All the young snooker player truly desired to do was play snooker.
A competitive passion, caught at the age of three with the help of a small snooker set on his parents' coffee table in the city of Leeds, would result in a professional career that saw him secure half a dozen major wins in half a dozen years.
The present year marks two decades since the adored Hunter succumbed to cancer, days short to his 28th birthday.
But in spite of the passing of a once-in-a-generation player that went beyond the game he loved, his enduring mark on snooker and those who followed his career endure as powerful today.
"We'd never have known in a lifetime the boy would become a pro on the circuit," Hunter's mum states.
"But he just loved it."
Alan Hunter remembers how his son "wasn't bothered about anything else" except for snooker as a young boy.
"He was relentless," he notes. "He would play every night after school."
After repeatedly pleading with his dad to take him to a nearby hall to play on regulation tables at the age of eight, the budding player made the transition from table top snooker with great skill.

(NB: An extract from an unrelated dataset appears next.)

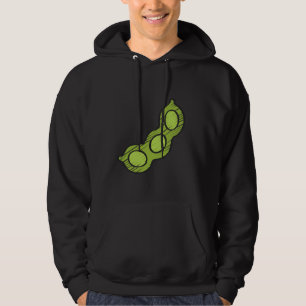 Sudadera Edamame Soybean Vegan Vegetarian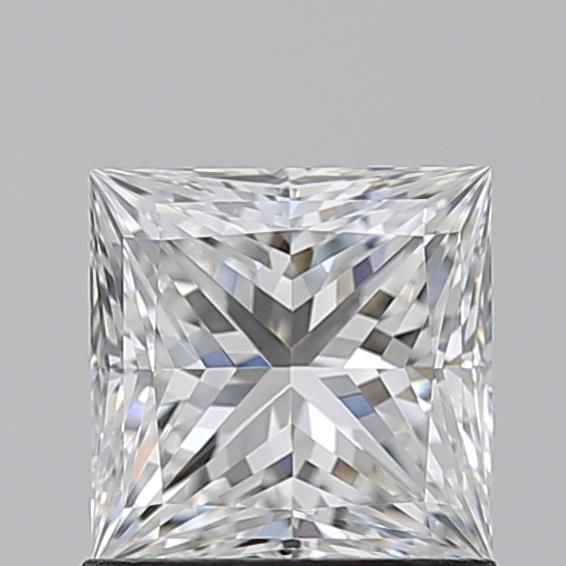 Diamante Naturale Taglio Princess 1.01ct VG/EX F IF - GIA - 5.63x5.63x4.02mm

His natural ability would be nurtured by the former world title holder Joe Johnson, from neighbouring Bradford, at a now former establishment in the area of Yeadon.
With his parents' pleas to do his homework increasingly falling on deaf ears as the game dominated, his parents took the "chance" of taking Hunter out of school at the age of 14 to fully focus on carving out a career in the game.
It proved a masterstroke. Within five years, their still-teenage son had won his initial major win, the Welsh Open of 1998.
Considered one of snooker's hardest tournaments to win because of the lineup featuring only the top competitors, Hunter triumphed on three occasions, in the early 2000s.
But for all his achievements in competition, away from the game Hunter's approachable nature never faded.
"His demeanor was excellent did Paul," Alan says. "He connected with everybody."
"When encountering him you'd like him," Kristina adds. "He was enjoyable. He'd make you relaxed."
Hunter's partner Lindsey, with whom he had daughter Evie, describes him as an "incredible, lively, and kind spirit" who was "witty, generous" and "always the last to leave the party".
With his natural likability, youthful appearance and straight-talking media manner, not to mention his prodigious ability, Hunter quickly became snooker's poster boy for the new 21st Century.
No wonder then, that he was dubbed 'The Beckham of the Baize'.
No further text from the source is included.